6. The multi-function end effector according to claim 2 wherein said centering means comprises:

a first plate attached to said pilot means and having said tool holding means disposed therein and having first bearing slots disposed therein;

a second plate capable of movement relative to said first plate and disposed below said first plate and having second bearing slots disposed therein that are substantially perpendicular to said first bearing slots;

a third plate capable of movement relative to said first and second plates and disposed below said second plate and attached to said vertical drive means;

a first set of bearing mechanisms disposed on said second plate and in said first bearing slots for permitting said second plate to slide relative to said first plate; and

a second set of bearing mechanisms disposed on said third plate and in said second bearing slots for permitting said third plate to slide relative to said second plate, said first and second plates sliding relative to said third plate under the influence of said pilot means.

7. The multi-function end effector according to claim 6 wherein said centering means further comprises:

a bolt with a first end attached to said first plate and extending through said second plate with a second end extending through said third plate; and

an actuator attached to said third plate and to said second end of said bolt for selectively drawing said plates into close contact thereby preventing relative movement of said plates.

8. The multi-function end effector according to claim 7 wherein said actuator is an air cylinder.

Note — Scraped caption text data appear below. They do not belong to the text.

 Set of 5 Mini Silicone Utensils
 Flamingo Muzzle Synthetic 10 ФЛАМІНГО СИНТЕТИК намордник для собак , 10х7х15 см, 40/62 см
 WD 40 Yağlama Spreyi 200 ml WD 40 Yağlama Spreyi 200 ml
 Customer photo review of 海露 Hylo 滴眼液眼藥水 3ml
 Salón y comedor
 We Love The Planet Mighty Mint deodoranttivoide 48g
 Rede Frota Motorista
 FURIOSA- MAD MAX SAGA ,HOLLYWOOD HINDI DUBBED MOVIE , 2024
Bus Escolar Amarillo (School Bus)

9. The multi-function end effector according to claim 1 wherein said tool holding means comprises:

said crescent-shaped gear disposed in a crescent-shaped hole in said centering means for holding said tools therein;

a first gear mounted on said centering means and in contact with said crescent-shaped gear;

a second gear mounted on said centering means and in contact with said crescent-shaped gear such that either said first gear or said second gear is in contact with said crescent-shaped gear; and

a gear drive means attached to said first and second gears for driving said crescent-shaped gear and tools mounted therein.

10. The multi-function end effector according to claim 1 wherein said vertical drive means comprises a lead screw mounted in said vertical member and in contact with said centering means and a drive mechanism connected to said lead screw for turning lead screw and moving said centering means vertically relative to said vertical member.

11. The multi-function end effector according to claim 2 wherein said pilot means comprises:

a pivoting mechanism mounted on said centering means; and

a linkage having a conical cap on one end and attached to said pivoting mechanism at the other end for guiding said tools into alignment with said equipment.

12. The multi-function end effector according to claim 3 wherein said tool trasfer means comprises:

a transfer arm drive mechanism associated with said vertical member;

a transfer arm attached to said transfer arm drive mechanism; and

a crescent-shaped holder attached to said transfer arm for holding tools, said transfer arm drive mechanism being capable of rotating said transfer arm and said holder in a horizontal plane thereby enabling said tools to be transferred to said holding means.

13. The multi-function end effector according to claim 4 wherein said tool latching means comprises:

a bar pivotally mounted on said centering means;

a camming surface mounted on said vertical member; and

biasing means attached to said bar for urging one end of said bar into contact with said camming surface with said camming surface causing the other end of said bar to be selectively positioned over said tool and said tool holding means thereby selectively securing said tool in said tool holding means.

14. The multi-function end effector according to claim 5 wherein said indicating means comprises a linear variable differential transformer.